#### Records provided
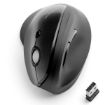 Immagine di Mouse Pro Fit® Ergo wireless verticale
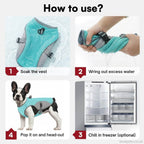 Cooling Vest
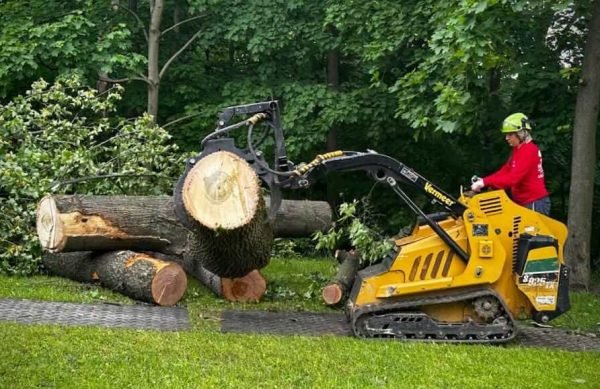 Tree removal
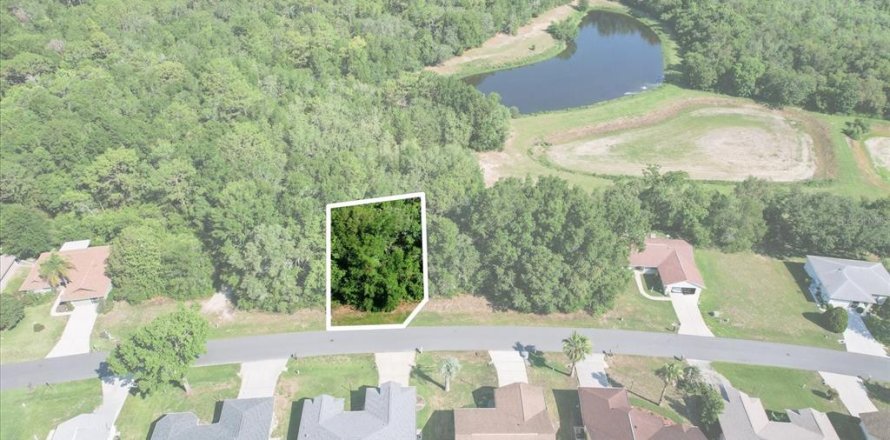 Land in Beverly Hills, Florida № 2160352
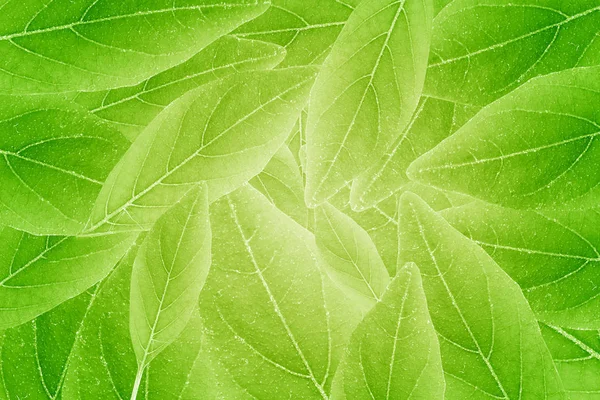 Abstract autumn green color background. Beautiful leaves texture — Stock Photo, Image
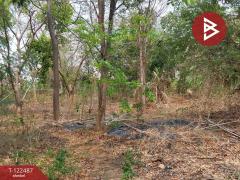 ขายที่ดิน เนื้อที่ 22 ไร่ 1 งาน 31.4 ตร.วา พัฒนานิคม ลพบุรี-202510030957531759460273461.jpg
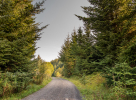 A gravel road through a pine woodland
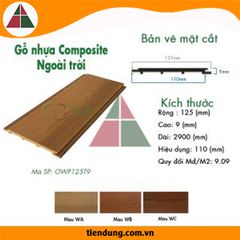 Gỗ Nhựa Composite Ngoại Thất OWP125T9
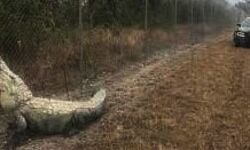 सड़क पर घूमता मिला विशालकाय मगरमच्छ सड़क पर घूमता मिला विशालकाय मगरमच्छ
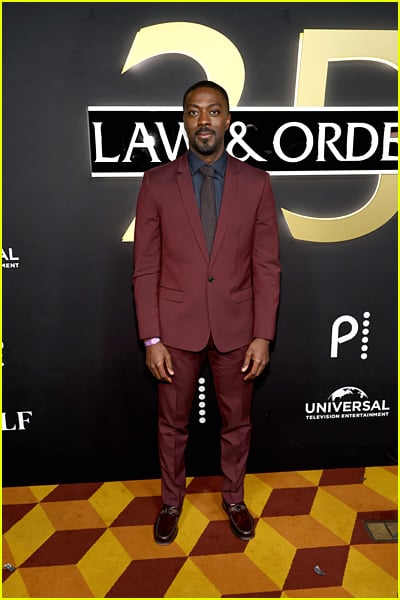 estrelas presentes no 25º aniversário de Law & Order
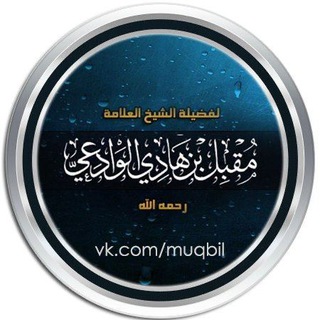 шейх Мукъбиль©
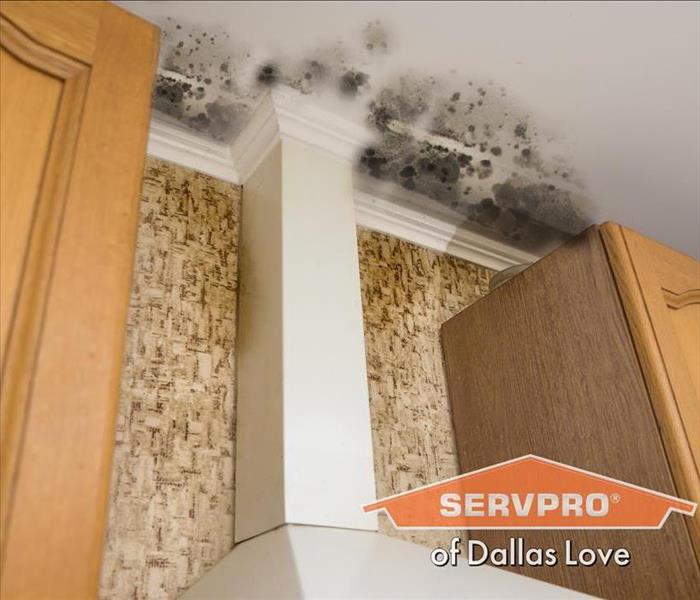 SERVPRO Detects Leaks at Your Home and Business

#### Aim of the task
I need the lines from the one holding "Gỗ Nhựa Composite Ngoại Thất OWP125T9" through the last line of the entries set down exactly, with every picture left out.

#### Answer box
 Gỗ Nhựa Composite Ngoại Thất OWP125T9
 सड़क पर घूमता मिला विशालकाय मगरमच्छ सड़क पर घूमता मिला विशालकाय मगरमच्छ
 estrelas presentes no 25º aniversário de Law & Order
 шейх Мукъбиль©
 SERVPRO Detects Leaks at Your Home and Business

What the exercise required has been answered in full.